TASK DIRECTIONS = With the exception of the pictures, transcribe the entire listing exactly.

PROVIDED DATA =
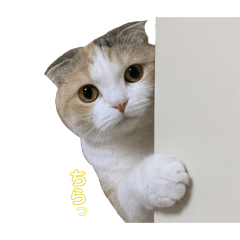 hihihi_20260420231622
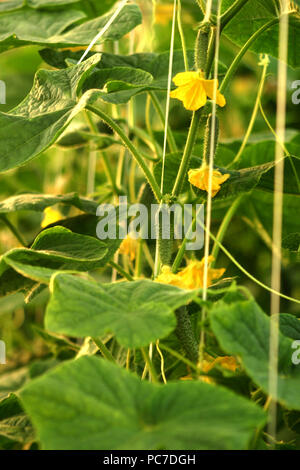 Piante di cetriolo in serra Foto Stock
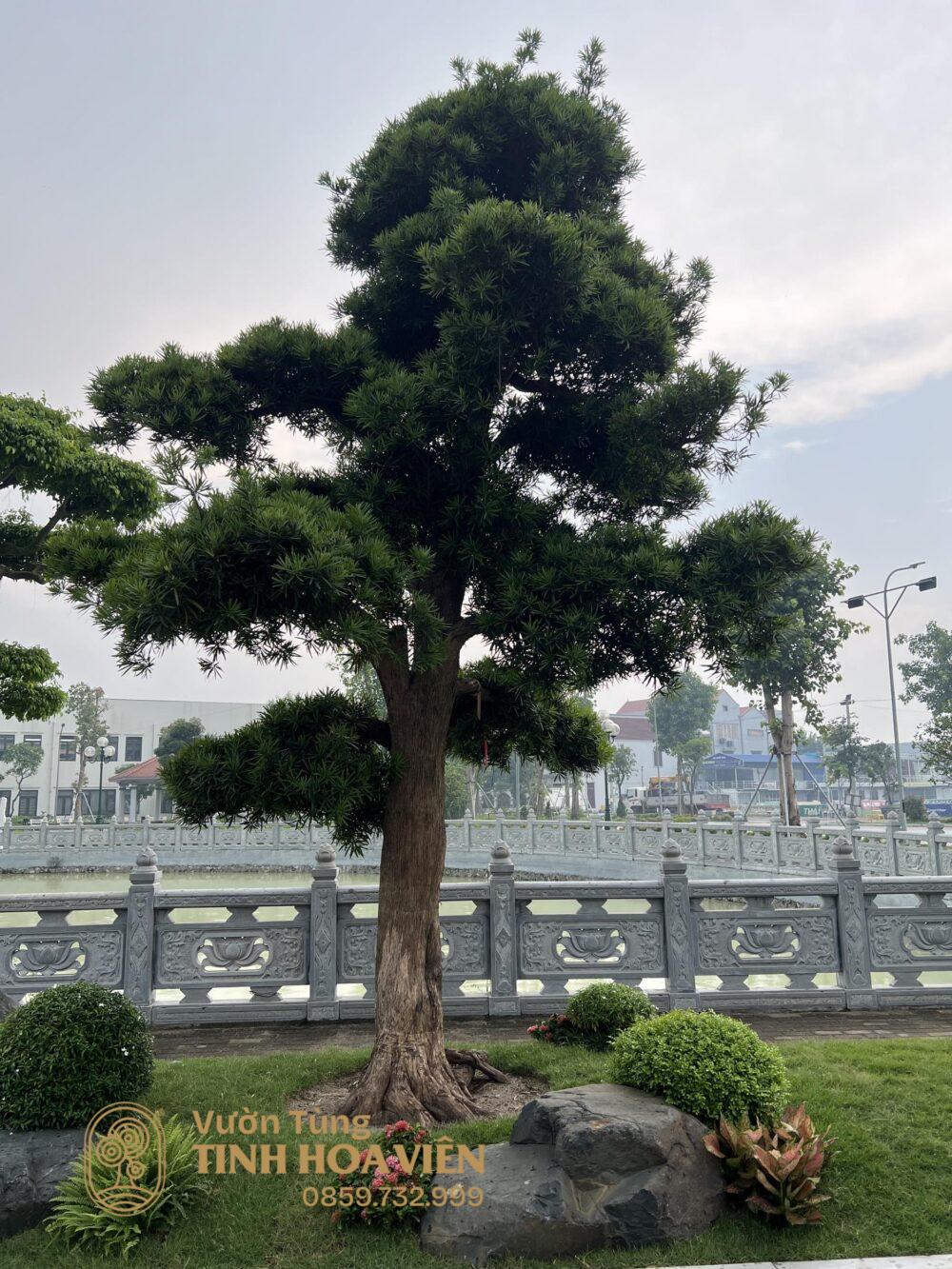chua long hoa 2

REPLY TO THE TASK =
 hihihi_20260420231622
 Piante di cetriolo in serra Foto Stock
chua long hoa 2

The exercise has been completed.